Create and Send Estimates
Prepare quotes for customer review and approval.
Use estimates when a customer needs to review pricing before you invoice them. An estimate can describe the work, show pricing, collect approval, and later be converted into an invoice.
Create estimates before work begins when scope, price, or approval needs to be clear for both sides.
Create an Estimate
- Open Finance > Estimates.
- Select Create Estimate.
- Choose the customer account and contact.
- Add the estimate number, issue date, and expiry date.
- Add line items, taxes, discounts, notes, and terms.
- Add signature or approval details if needed.
- Save or send the estimate.
Before sending, preview the estimate as the customer will see it. Check customer, line items, taxes, discounts, notes, terms, expiry, attachments, and signature requirements.
Also confirm the estimate owner and related CRM context. Sales, delivery, and finance should be able to tell who owns follow-up, what work is being offered, and when the estimate expires.

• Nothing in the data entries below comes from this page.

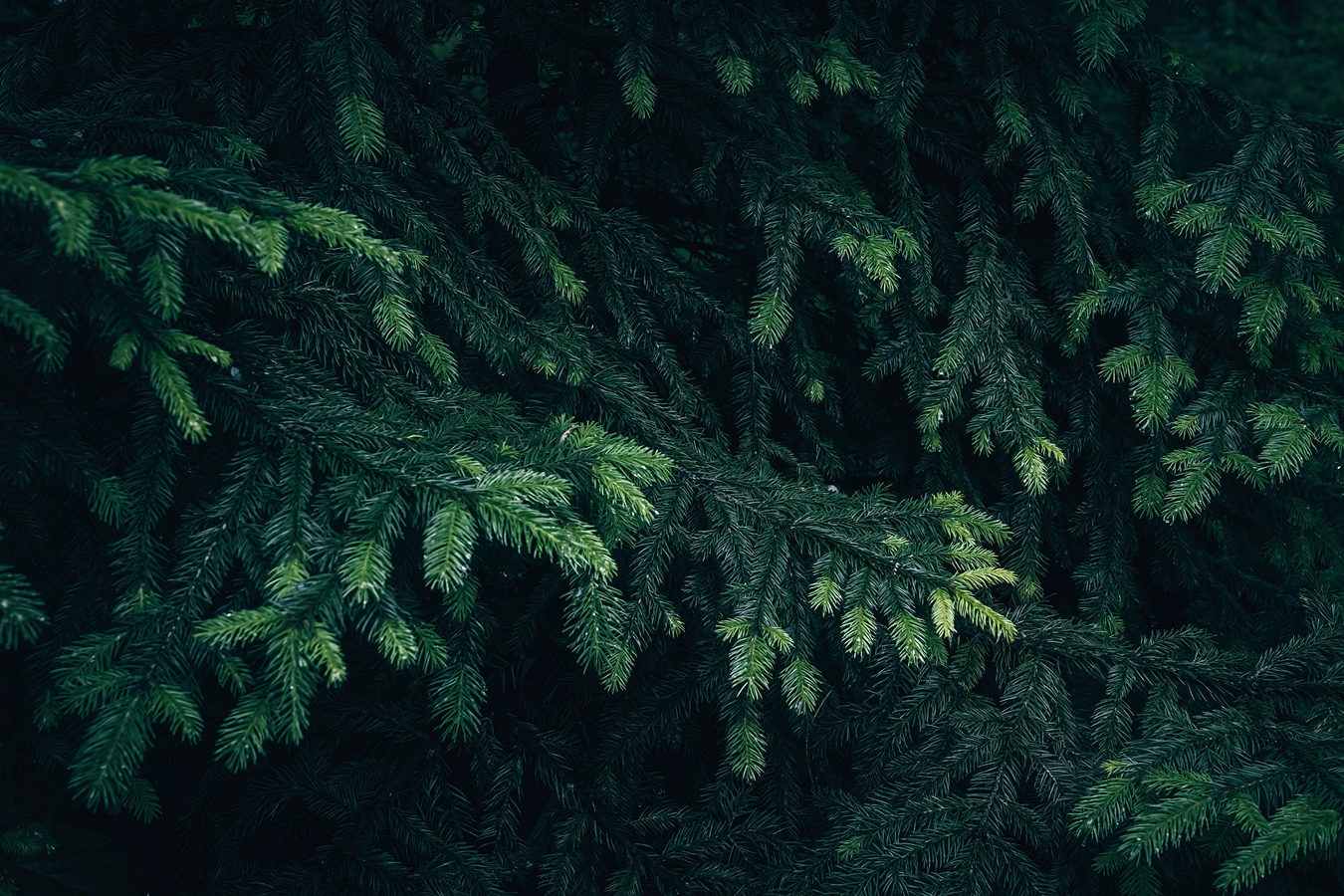 Gemeenten verlagen CO₂-uitstoot met herbruikbare kerstbomen
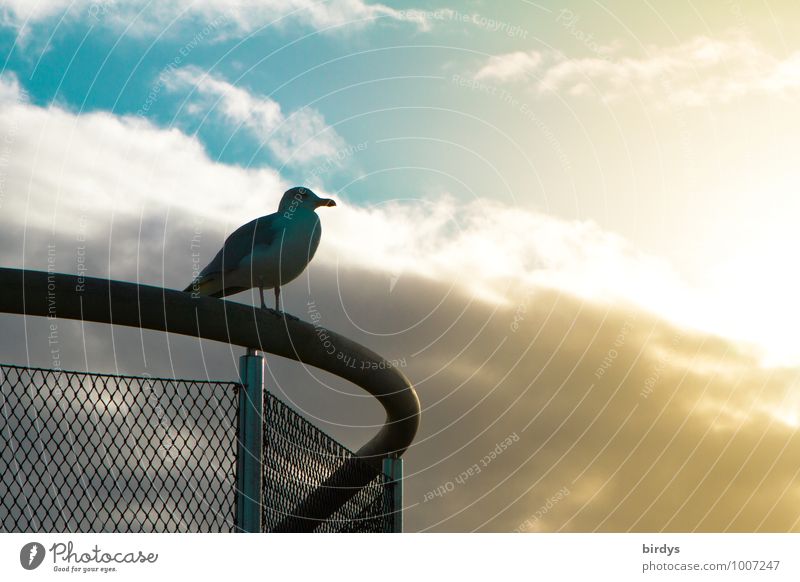 gull's eye Sky Clouds Sunlight Handrail Seagull 1 Animal Observe Looking Wait Esthetic Positive Blue Yellow Serene Patient Calm Far-off places Contentment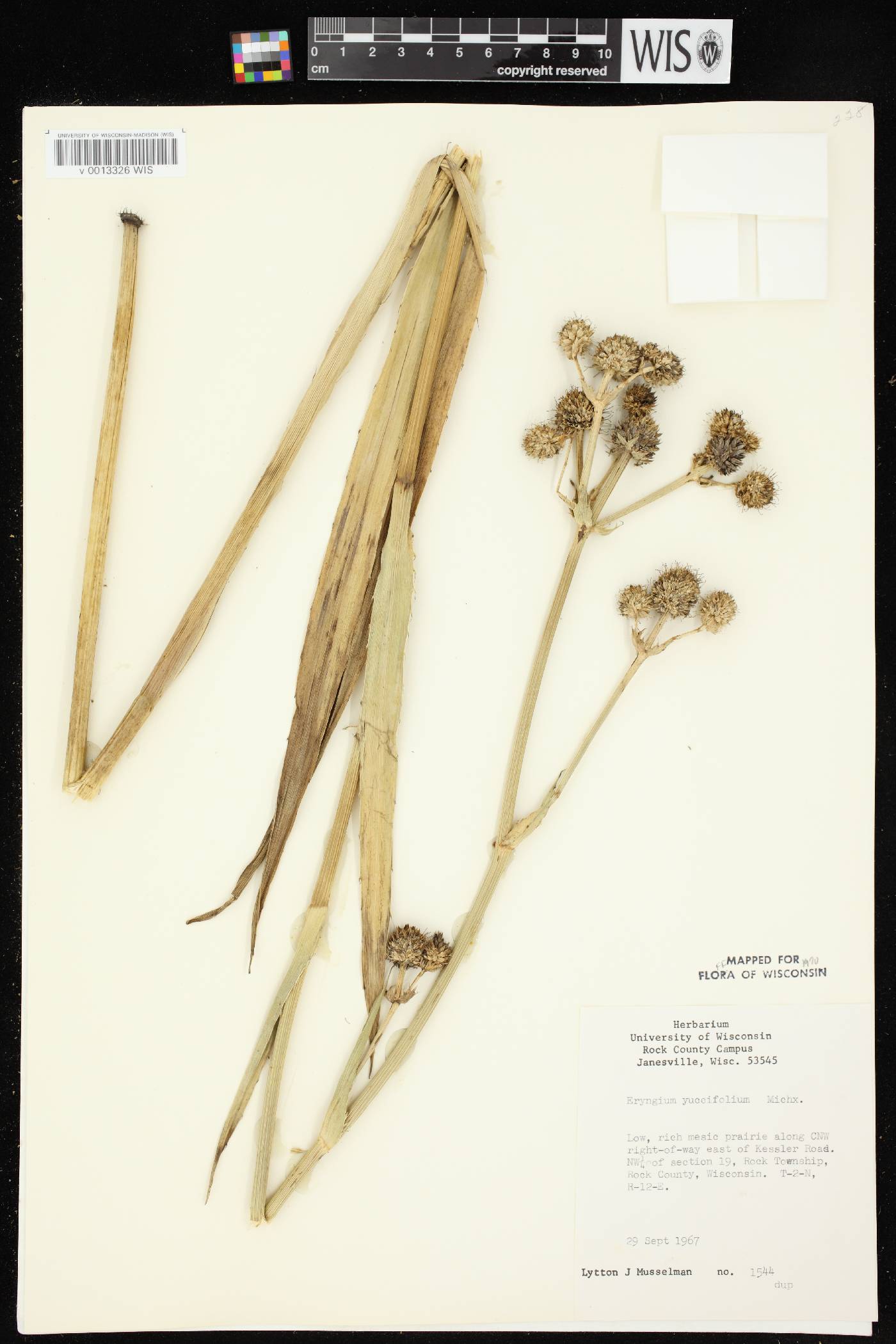 Eryngium yuccifolium image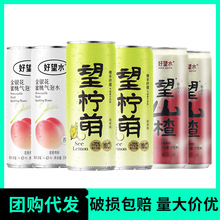 好望水望山楂佛手柠檬蜜桃果汁气泡水330ml*24瓶碳酸饮料整箱批发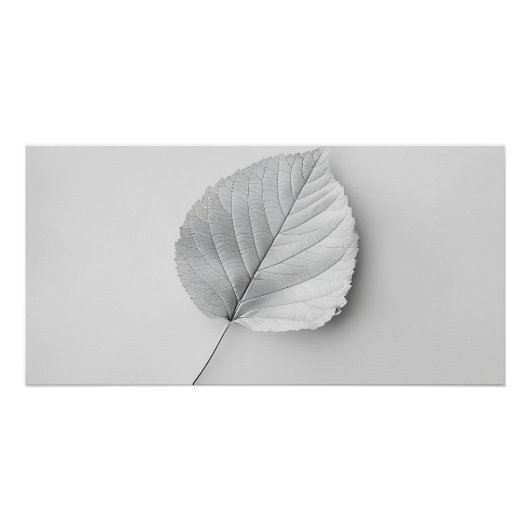 Poster Feuille Minimaliste Monochrome (Devant)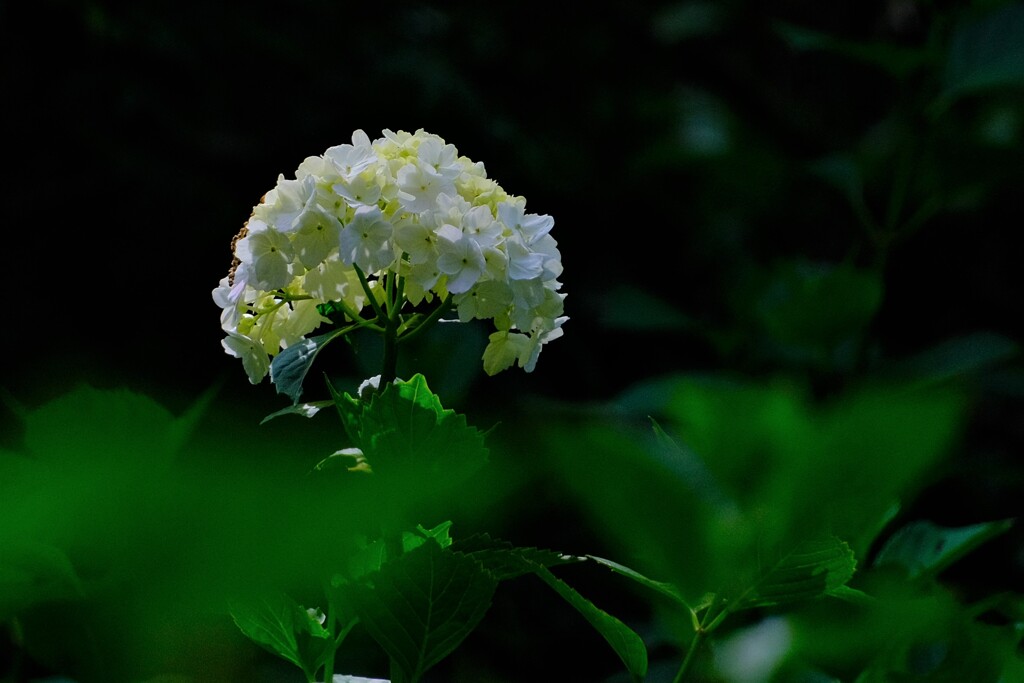 散歩の途中で。10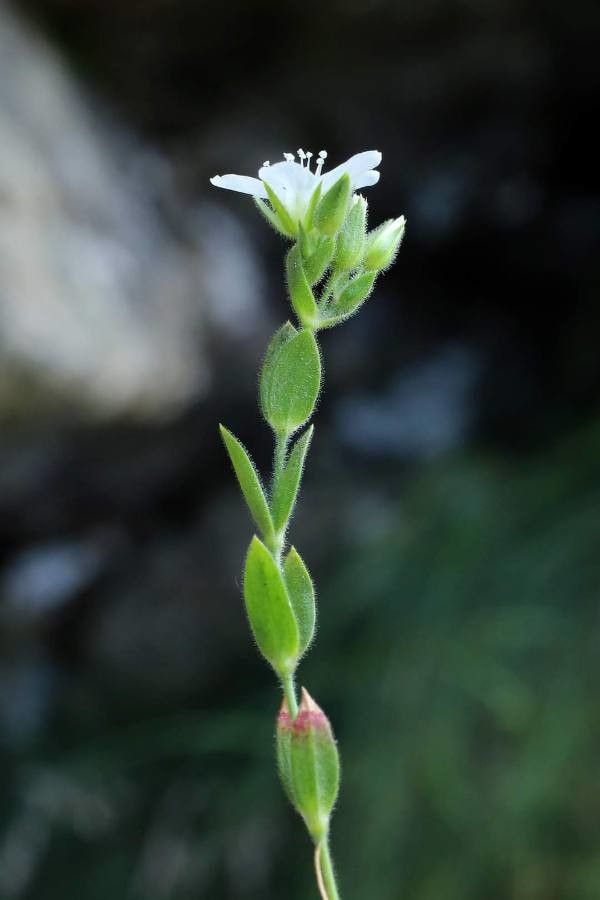 Minuartia saxifraga — houseplant care guide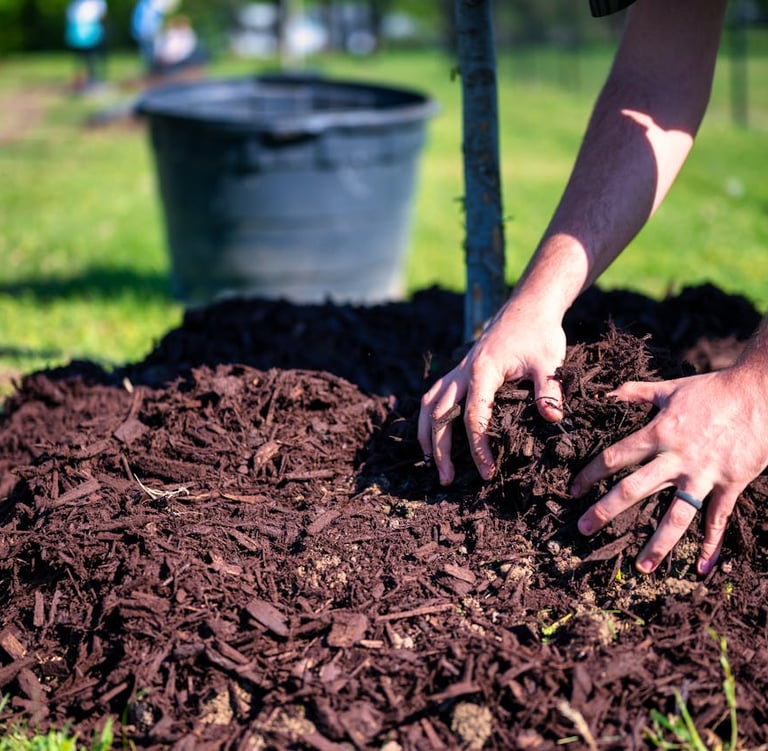 a gardening expert laying mulch around a tree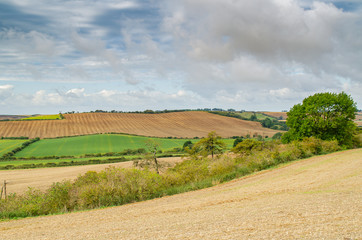 Fototapeta premium rural landscape with wheat field and blue sky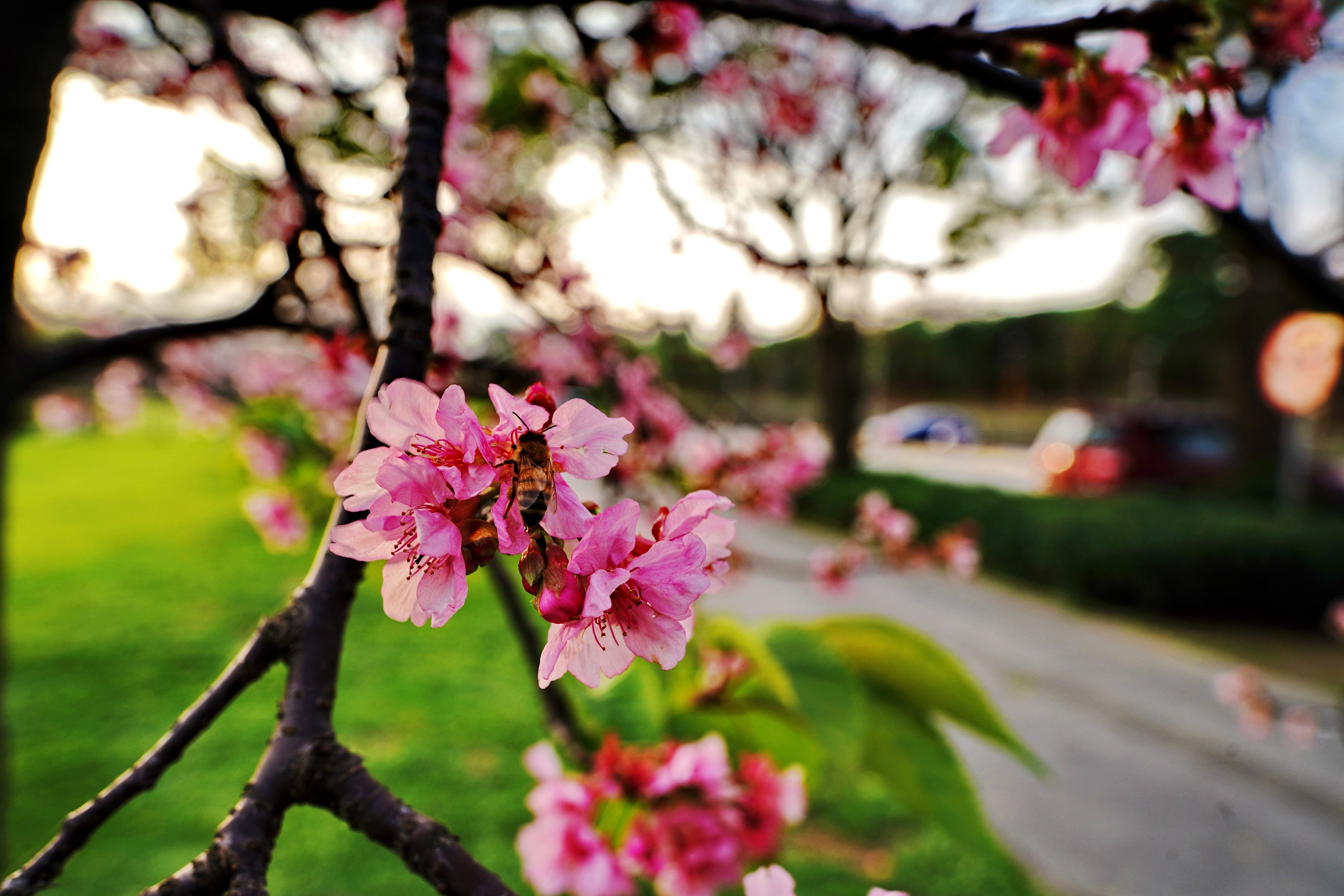 趁著粉櫻盛放之時，和親朋好友一起來趟河濱單車之旅，一同欣賞浪漫粉嫩河津櫻花的綻放美景
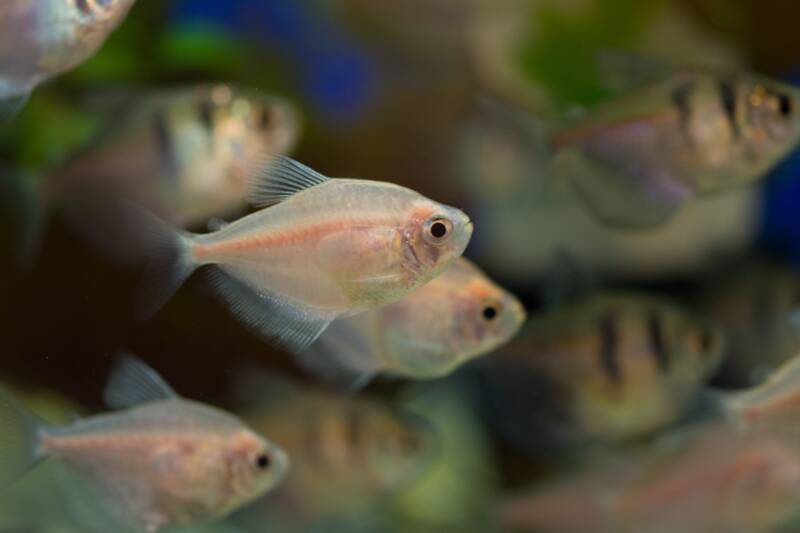 A school of white tetras swimming together in freshwater aquarium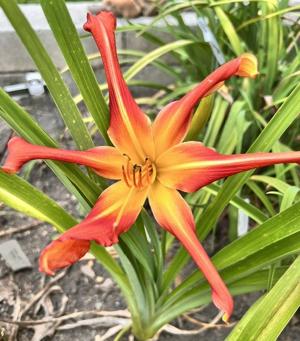 Discover the Stars - BuchananA - 07212026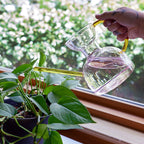 Person watering a plant with a clear glass watering can outdoors.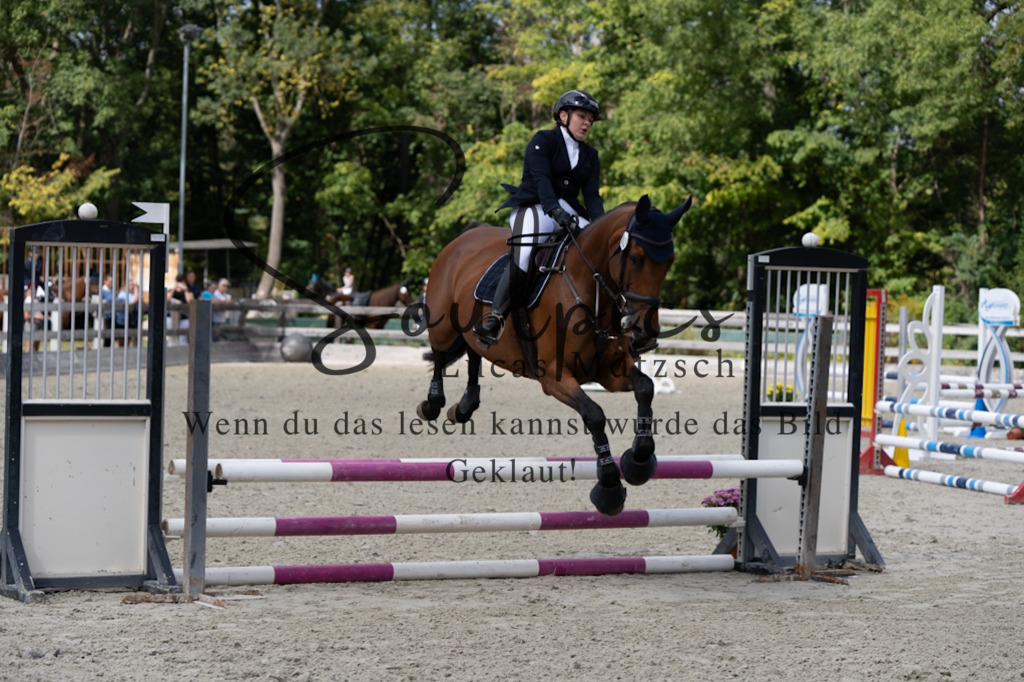 A7V07369 | Turnier/Reitfotograf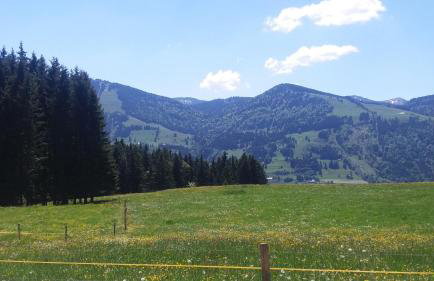 FeWo Alpenfreude mit Hallenbad - Foto 40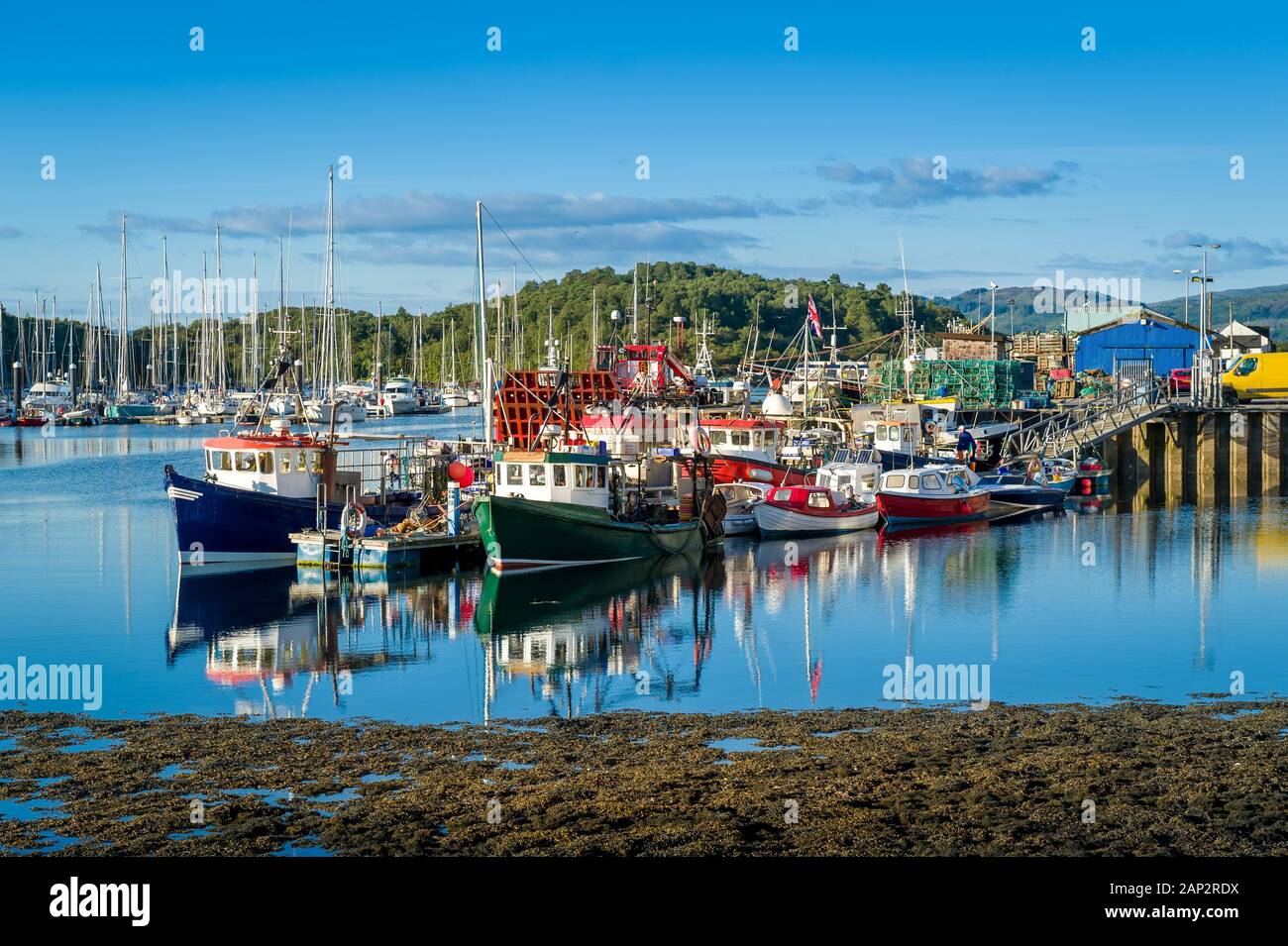 Tarbert harbor with colorful fisherman's boats and sailing yachts docked. Hebrides, Scotland. Stock Photo
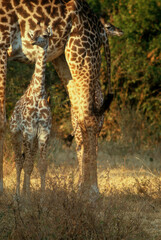 Girafe masaï, giraffa camelopardalis tippelskirchi, Réserve de Masaï Mara, Kenya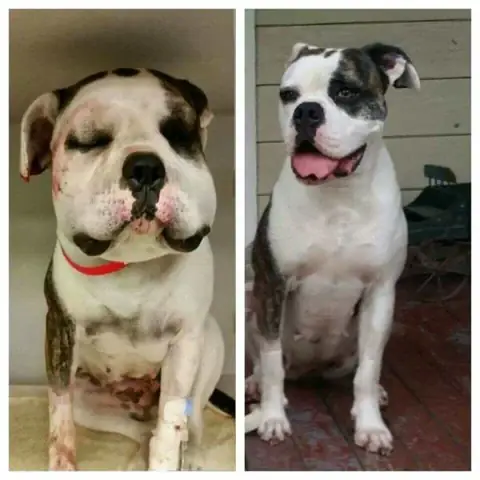 Ảnh Con Chó Bị Ong Đốt Toàn Thân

Estimate Quality Checklist
Before sending, confirm:
- the customer and contact are correct
- the line items match the proposed scope
- optional items are clearly labeled
- taxes, discounts, and deposits are correct
- the expiry date is realistic
- terms explain what approval means
- attachments are intended for the customer
- internal placeholders have been removed
Set the Expiry Date
Use an expiry date when pricing is valid only for a limited time. This helps the customer understand when the estimate needs to be accepted or reviewed again.
If pricing changes after the expiry date, duplicate or revise the estimate and send the new version instead of asking the customer to approve an old link.
Send for Approval
Send the estimate when the customer should review it. Confirm the email address, line items, and total before sending.
Send only after the estimate is ready for customer action. If the estimate needs internal approval first, keep it as a draft until the team has reviewed it.
Send the latest version only. If you changed scope, pricing, expiry, taxes, or attachments after sending, resend the updated estimate and make it clear which link the customer should use.
Follow Up Before Expiry
Use the estimate list to review estimates that are sent but not accepted. Follow up before the expiry date when the customer still has time to ask questions or request changes.
If an estimate expires, duplicate or revise it with current pricing and terms instead of asking the customer to approve an old offer.
Internal Approval Before Sending
If estimates need sales, finance, legal, or delivery review, complete that review while the estimate is still a draft. Check margin, taxes, discount, scope, terms, signature requirements, and delivery capacity before sending the customer link.
Do not send a customer-facing estimate as a way to get internal approval. That can create a public offer before the team has agreed to honor it.
After the Customer Responds
If the customer accepts the estimate, convert it into an invoice when it is time to bill. If the scope changes, edit or duplicate the estimate before creating the invoice.
After acceptance, check status, signer details, accepted date, total, and attachments before starting delivery or billing.
If the customer rejects the estimate or asks for changes, review the reason, duplicate or revise the estimate, and send a clean new version. Do not convert a changed agreement from an old accepted estimate.